**Problem statement:** Repeat the entire listing exactly. Omit all pictures.

**Data below:**

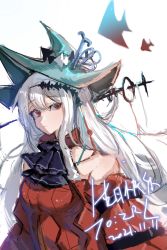 Rule 34 | 1girl, angelfish, aqua hat, arknights, ascot, black ascot, breasts, christory yyb, dated, detached sleeves, dress, fish, grey hair, hair between eyes, hat, hat ornament, headgear, highres, long hair, looking at viewer, official alternate costume, red dress, red eyes, red sleeves, skadi (arknights), skadi the corrupting heart (arknights), small breasts, solo, upper body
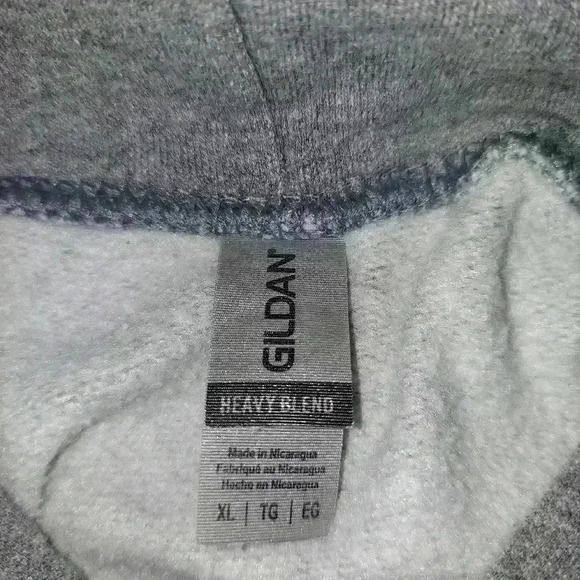 Gildan "Let's Hike" Mountain Scene Gray Hoodie - Picture 4 of 4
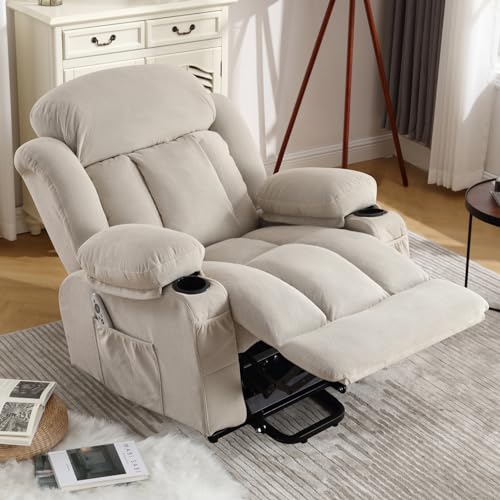 Sillón power lift reclinable terciopelo Beige miniatura 6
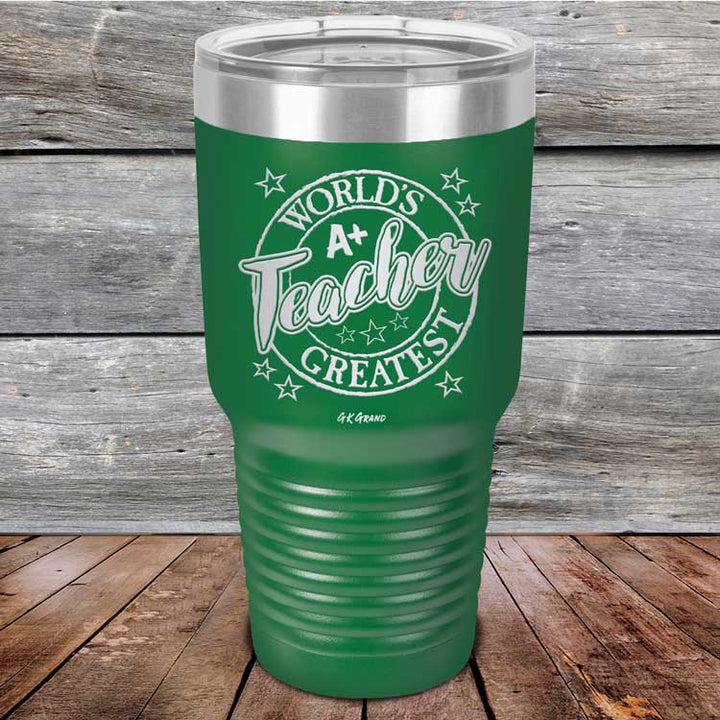 World's Greatest Teacher - Powder Coated Etched Tumbler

**Response area:**
 Rule 34 | 1girl, angelfish, aqua hat, arknights, ascot, black ascot, breasts, christory yyb, dated, detached sleeves, dress, fish, grey hair, hair between eyes, hat, hat ornament, headgear, highres, long hair, looking at viewer, official alternate costume, red dress, red eyes, red sleeves, skadi (arknights), skadi the corrupting heart (arknights), small breasts, solo, upper body
 Gildan "Let's Hike" Mountain Scene Gray Hoodie - Picture 4 of 4
 Sillón power lift reclinable terciopelo Beige miniatura 6
 World's Greatest Teacher - Powder Coated Etched Tumbler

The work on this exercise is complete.